L.W. was growing tired of waiting for the salesperson to return.

"I wondered if the texts might have something to do with why he was called away," writes L.W. "Maybe he needed the information being texted so he could finish up in the garage."

But L.W. was reluctant to read another person's texts, believing it to be an invasion of privacy.

"Was I wrong not to go find the guy and tell him about the texts?" asks L.W. "Should I have read them to see if they seemed like something he needed to get his work done?"

L.W. figures he could have read the text messages and if they didn't seem relevant to the guy's work, he could simply have said nothing.
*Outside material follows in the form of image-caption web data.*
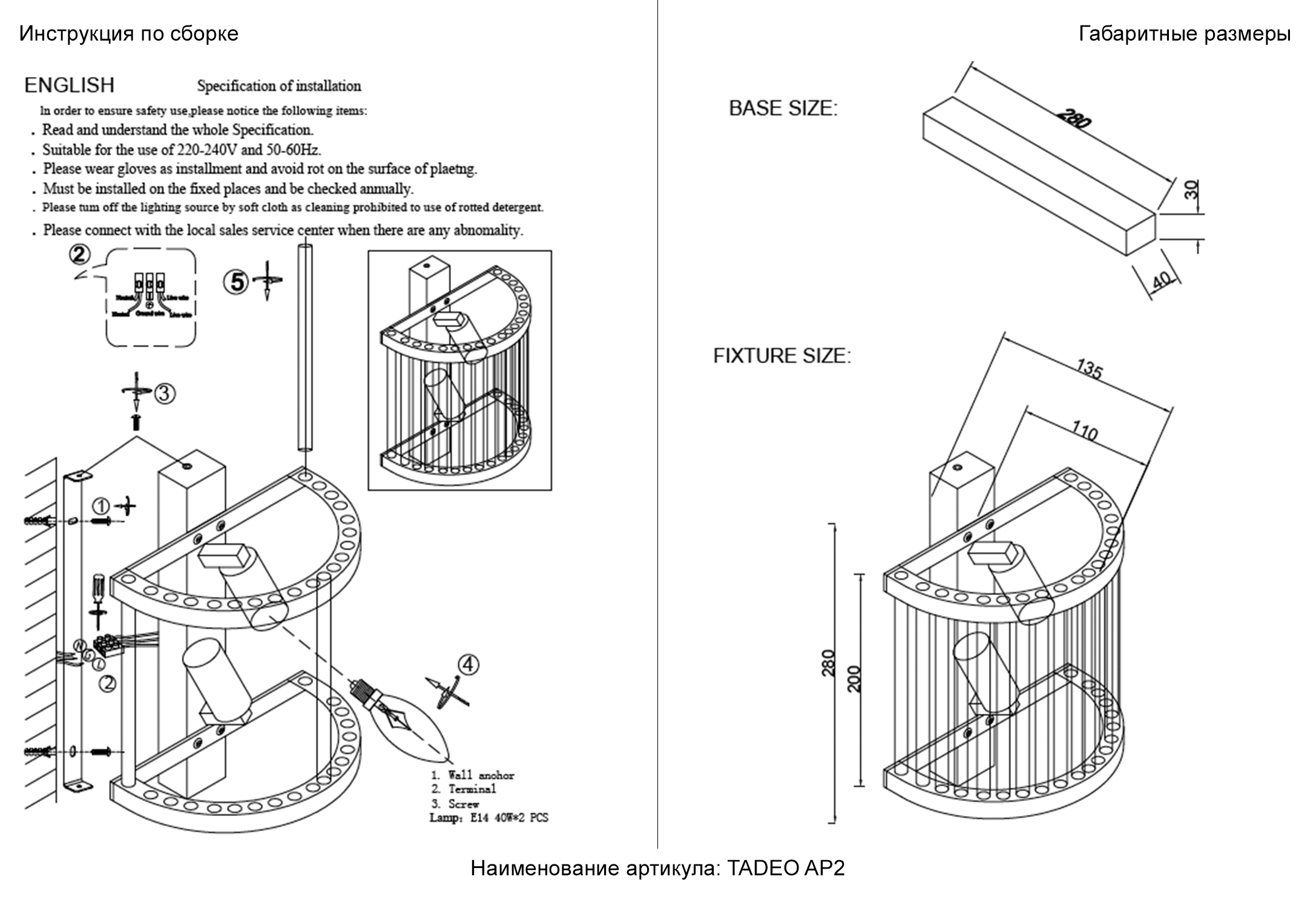 Бра crystal lux tadeo ap2 gold/transparente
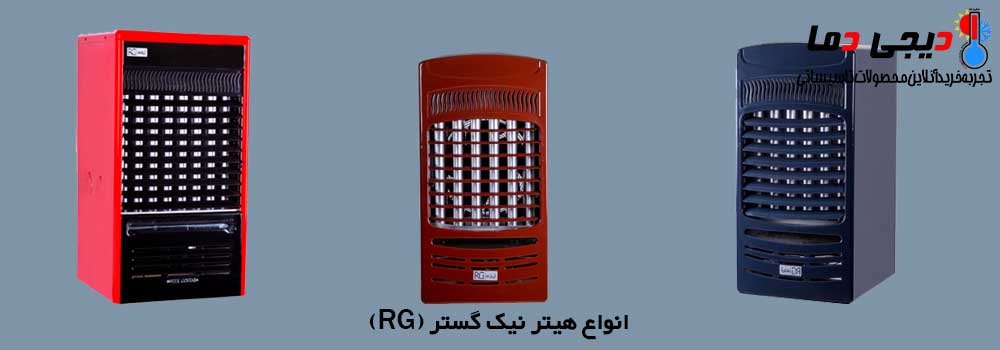 انواع-هیتر-نیک-گستر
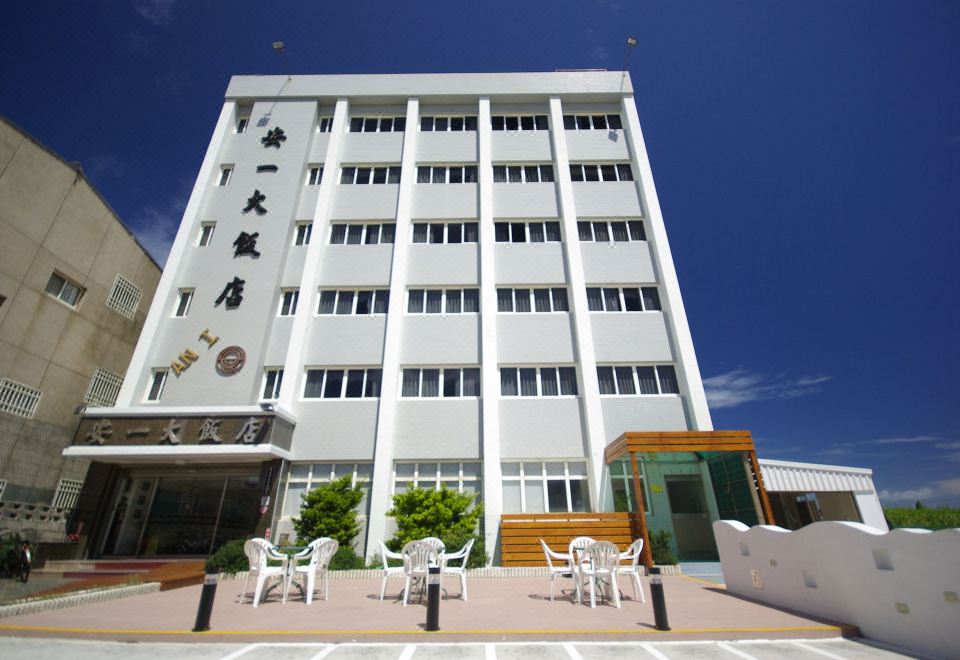 3. 펑후 안-I 호..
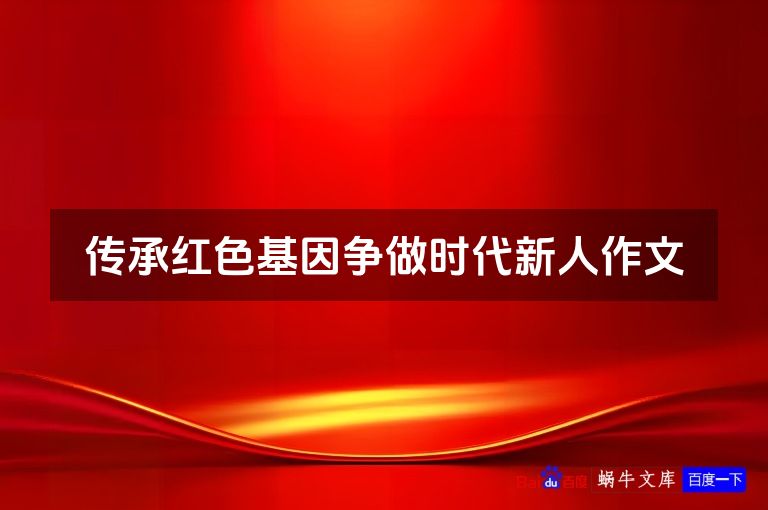 传承红色基因争做时代新人作文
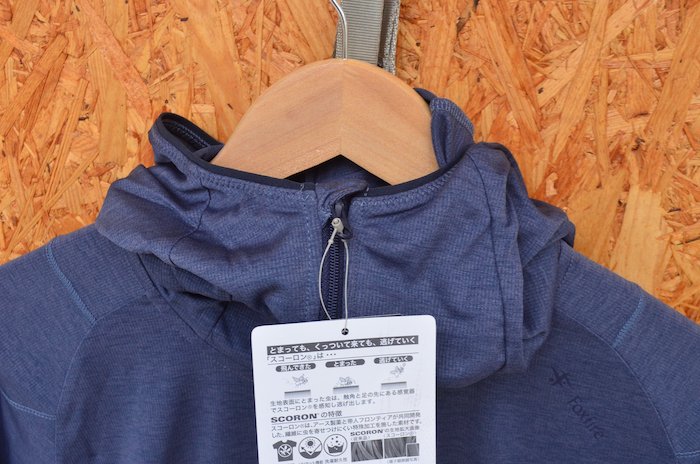 Foxfire フォックスファイヤー＞ SC Ultimate Hoody SCアルティメット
But if reading them might help the guy get his job done so he could return to get the paperwork for L.W.'s tires done, he figured he might have been doing both of them a favor.

While many might be tempted to take a peek at another person's text messages when no one is looking, the right thing is to respect the other person's privacy and mind your own business, whether it be a colleague, a date, a friend, or a salesperson at a tire store.

The salesperson shouldn't have left his phone lying on the counter. L.W. is right in thinking he might have needed the texts to finish up whatever it was he was called off to do. It's an awful feeling to be kept waiting, but that's no reason to read another person's text messages. 

Jeffrey L. Seglin, author of The Simple Art of Business Etiquette: How to Rise to the Top by Playing Nice, is a senior lecturer in public policy and director of the communications program at Harvard's Kennedy School. He is also the administrator of, a blog focused on ethical issues. 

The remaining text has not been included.